[Source data]
- Opening Delimiter -
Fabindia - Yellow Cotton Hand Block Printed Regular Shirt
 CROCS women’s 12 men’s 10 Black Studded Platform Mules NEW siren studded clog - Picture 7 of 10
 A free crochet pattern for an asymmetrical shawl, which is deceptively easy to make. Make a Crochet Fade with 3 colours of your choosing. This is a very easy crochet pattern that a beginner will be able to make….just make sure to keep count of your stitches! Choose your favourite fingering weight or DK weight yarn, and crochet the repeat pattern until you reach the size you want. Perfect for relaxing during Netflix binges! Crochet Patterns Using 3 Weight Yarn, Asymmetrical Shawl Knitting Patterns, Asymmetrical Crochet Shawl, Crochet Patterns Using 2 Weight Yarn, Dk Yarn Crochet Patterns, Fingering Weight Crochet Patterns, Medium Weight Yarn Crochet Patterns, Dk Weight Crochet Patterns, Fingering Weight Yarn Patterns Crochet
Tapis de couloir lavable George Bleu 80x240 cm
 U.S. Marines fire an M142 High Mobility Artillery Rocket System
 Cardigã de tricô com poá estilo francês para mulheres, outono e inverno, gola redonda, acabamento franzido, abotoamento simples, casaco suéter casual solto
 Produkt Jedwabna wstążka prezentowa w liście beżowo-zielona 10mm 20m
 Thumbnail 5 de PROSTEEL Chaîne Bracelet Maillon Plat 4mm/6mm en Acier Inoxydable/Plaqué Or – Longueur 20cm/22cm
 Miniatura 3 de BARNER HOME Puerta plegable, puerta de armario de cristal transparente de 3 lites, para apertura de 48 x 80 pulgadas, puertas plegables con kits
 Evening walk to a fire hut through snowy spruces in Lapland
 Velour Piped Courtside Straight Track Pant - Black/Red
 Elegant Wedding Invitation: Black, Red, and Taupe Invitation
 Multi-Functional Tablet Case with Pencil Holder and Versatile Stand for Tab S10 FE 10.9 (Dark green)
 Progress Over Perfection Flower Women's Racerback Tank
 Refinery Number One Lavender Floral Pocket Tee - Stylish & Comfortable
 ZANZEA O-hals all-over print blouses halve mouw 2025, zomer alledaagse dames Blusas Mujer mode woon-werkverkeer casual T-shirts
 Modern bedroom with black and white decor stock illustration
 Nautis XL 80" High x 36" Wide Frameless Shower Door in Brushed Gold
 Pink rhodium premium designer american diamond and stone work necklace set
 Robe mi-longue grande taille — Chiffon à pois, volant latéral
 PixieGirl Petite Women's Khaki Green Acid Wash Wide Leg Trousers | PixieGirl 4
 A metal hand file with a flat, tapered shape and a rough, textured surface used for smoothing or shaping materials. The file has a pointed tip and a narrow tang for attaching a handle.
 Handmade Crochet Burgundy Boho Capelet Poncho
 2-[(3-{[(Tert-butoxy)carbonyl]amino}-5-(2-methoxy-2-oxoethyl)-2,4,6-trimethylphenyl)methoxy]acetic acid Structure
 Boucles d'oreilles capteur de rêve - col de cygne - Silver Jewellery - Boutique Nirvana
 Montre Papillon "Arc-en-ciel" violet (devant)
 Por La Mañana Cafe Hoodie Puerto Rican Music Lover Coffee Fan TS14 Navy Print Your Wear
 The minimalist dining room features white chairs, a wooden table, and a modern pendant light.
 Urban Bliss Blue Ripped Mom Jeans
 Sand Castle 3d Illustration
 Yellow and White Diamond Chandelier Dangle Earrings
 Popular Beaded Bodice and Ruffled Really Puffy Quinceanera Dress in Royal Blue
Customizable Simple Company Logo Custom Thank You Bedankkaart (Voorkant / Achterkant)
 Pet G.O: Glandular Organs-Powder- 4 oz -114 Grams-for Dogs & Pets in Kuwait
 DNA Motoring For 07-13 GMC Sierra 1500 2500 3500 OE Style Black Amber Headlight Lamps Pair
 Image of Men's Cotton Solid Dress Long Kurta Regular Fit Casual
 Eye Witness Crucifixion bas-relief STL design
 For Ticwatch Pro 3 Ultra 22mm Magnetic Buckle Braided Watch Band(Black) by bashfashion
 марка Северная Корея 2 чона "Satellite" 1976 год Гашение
- Closing Delimiter -
## [Task item]
Taking the entries above, print exactly the lines starting at the line with "Elegant Wedding Invitation: Black, Red, and" and ending at the line with "Refinery Number One", both included.

## [Response box]
 Elegant Wedding Invitation: Black, Red, and Taupe Invitation
 Multi-Functional Tablet Case with Pencil Holder and Versatile Stand for Tab S10 FE 10.9 (Dark green)
 Progress Over Perfection Flower Women's Racerback Tank
 Refinery Number One Lavender Floral Pocket Tee - Stylish & Comfortable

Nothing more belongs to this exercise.